Page:Rétif de la Bretone - Le Paysan et la paysane pervertis, vol. 1, 1784.djvu/210

Le texte de cette page a été corrigé et est conforme au fac-similé.

C’était le cas où je me-trouvais. Cependant je ne me-previns pour auqu’un d’eux, ét mon cœur flota durant ane année entière.

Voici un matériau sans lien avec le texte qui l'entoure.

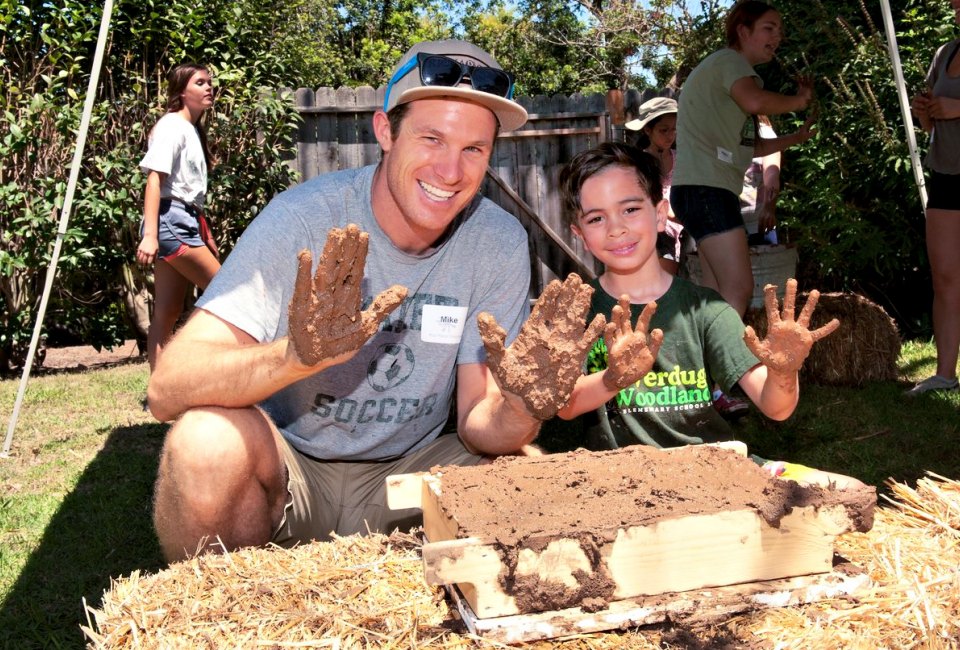 Mud Mania! Photo courtesy of Rancho Los Cerritos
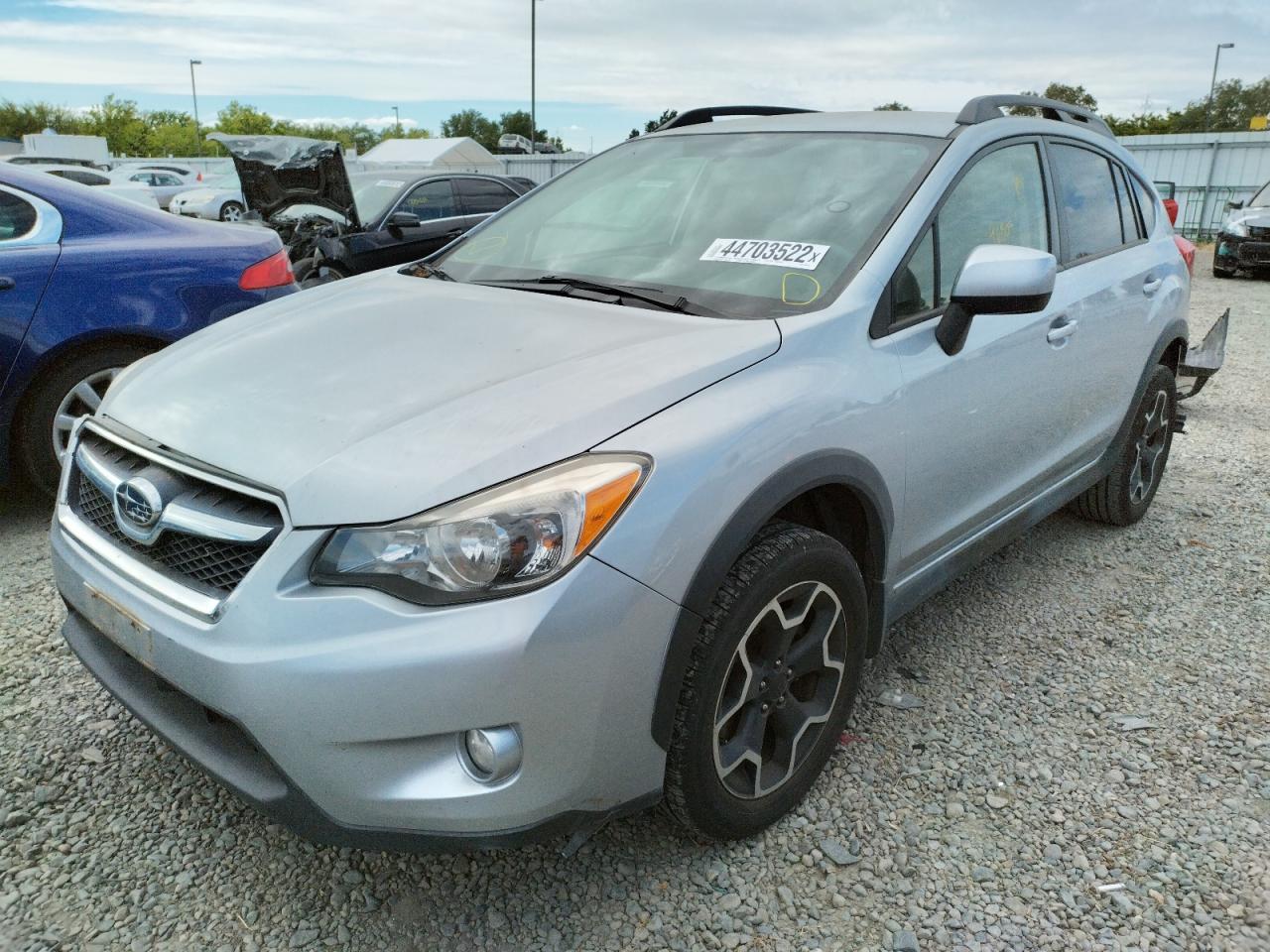 Foto 2 de la subasta – 2013 SUBARU XV CROSSTR con VIN JF2GPAGC0DH856925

Ce fut à ce terme fatal pour moi, que ma Cousine épousa m.r Parangon. J’alais souvent la voir ; ét comme ſon Mari eſt Originaire de la Capitale, qu’il a-vu le grandmonde, ét qu’il en-a les manières aisées, je le trouvais plus-agreable que mes Compatriotes. Il ſ’en-aperçut plutôt que moi, ét compta là-deſſus pour accomplir ſes deſſeins. Malheureusement pour moi, un incident ſeconda ſes Vues : ma Cousine fut-obligée d’aler à Paris, ét elle me-proposa de gouverner ſa maison durant ſon abſence. Mon innocence fut la cause de ma presomption ; je ne redoutais pas le danger, parcequ’il m’était-encore-inconnu.

Je remplis donc la place de ma Cousine, Son Mari, ſans être beau, était, comme je l’ai-dit, bién-dangereus, ſurtout pour une Jeuneperſone de mon caractère !… Il avait environ trenteſix-ans : c’eſt l’âge de la maturité : il a de l’eſprit, joint à cet usage-du-monde dont j’ai-parlé, un goût effrené pour les Fammes, ét une morale qui ſ’accorde à-merveilles avec les panchans les plus-criminels. Tel eſt l’Homme entre les mains duquel tombait une Fille ſans experience, aſſés-jolie pour meriter qu’on cherchât à la perdre, ét qui portait au fond de ſon cœur un énnemi ſecret, prêt à livrer la place au premier Aſſaillant.